Kairos

Kairos

/Kīräs/ a propitious moment for decision or action

Two months ago, I walked out of a cushy corporate job. There was no exit interview until I got to Christmas dinner, when Grandma, a fiery, 90-year-old Chinese woman, asked me the question:

Why do you want to be unemployed to travel around the world and live in ghetto places?

She was evaluating my decision against a checklist for first-generation, Asian Americans: elite undergraduate degree, well-paying job, more brag-worthy school, and the perfect man to start #adulting (you know, buying houses and popping babies). 

Through collective translations (thank God for cousins) and my own pathetic Cantonese, I explained that Jay and I will be traveling and doing skills-based volunteering with social enterprises in developing countries.

Ticking off checkboxes has served me well, but it’s also shown me that I’ve been playing too small. 

When I was five, I started a quest to reach my potential. It looked like winning the Olympic gold for tap dance and getting accepted into Stanford University. Each challenge was an opportunity to prove myself, but my understanding of personal best was narrow. I tied ability to brands and external validation, which reinforced an achievement-driven life.

While achievement sounds self-interested, I think it prepares people to be service-oriented. What matters most to me is living generously, exhausting talent, time, and money to develop people’s potentials. But, giving means having something to offer.

So, twenty-something Jen focused on personal development, getting two business degrees, a management consulting gig, and international experiences. By acquiring more knowledge and skills, I invested in myself to give excellence to others. I was becoming qualified to build a dance ministry and make a difference in the world.

But, self-development became procrastination, an excuse to withhold my gifts instead of responding to needs at hand, with whatever I had to offer. 

One night, over roasted crab and garlic noodles, Grandma told me stories about overseeing quality control at a textile factory; taking care of the elderly; being a nanny; and wishing she had volunteered to cook food for senior citizens. Once, a lady at the senior home asked the supervisor to identify the best caretaker, and he responded, “The one who doesn’t speak English.” My grandma doesn’t know how to read or write, but people loved her for the way she worked with her hands, applying diligence, integrity, and compassion.

Grandma didn’t wait to become good or skilled enough for the things that were important. She just did her best, probably improvising much of the time.

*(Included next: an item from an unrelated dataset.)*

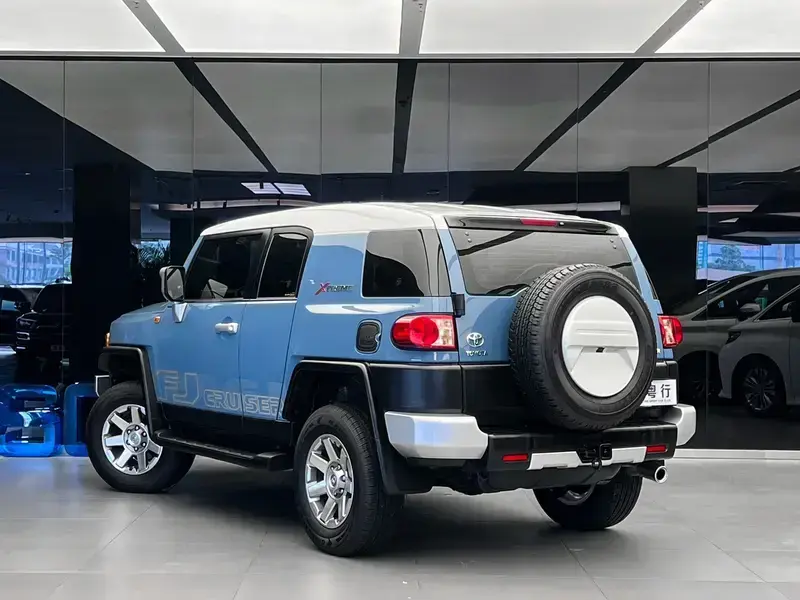 2019 Toyota FJ Cruiser с пробегом 102 000 км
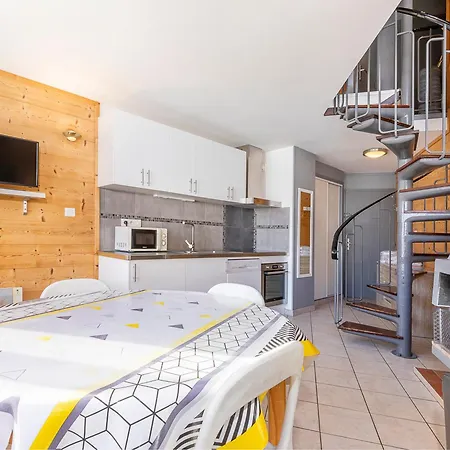 Duplex 7 Pers Avec Cheminee Et Balcon Sud Avoriaz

At my age, she juggled two jobs and raised five kids in Hong Kong on her own, making due with her work and support from people who chose to be family (like my dad’s foster parents, the Rockers). 

Grandma strove to give her children a better life, fighting for generative opportunities, where success builds on itself and the fruits of labor get passed down. Fortunately, my dad and all his siblings started lives in San Francisco, with spouses, houses, and college-graduate kids. When getting to America cost that much hard work and sacrifice, the fear of backsliding is real, and for Grandma, I imagine the instinct is to get an education and hold onto a career – insurance.

I quit my job because my parents’ sacrifices future-proofed my opportunities with a UC Berkeley degree. They put me in a position to lead a privileged life in service of others. 

Instead of chasing more achievements and qualifying myself for a larger purpose, my goal is to be more like Grandma, offering what’s in my hands, right now. Reaching my potential is no longer about discovering my limits; instead, the true measure of success is being able to give more of myself away. So, I’m re-orienting my intentions and actions toward others, and there’s no better time than now.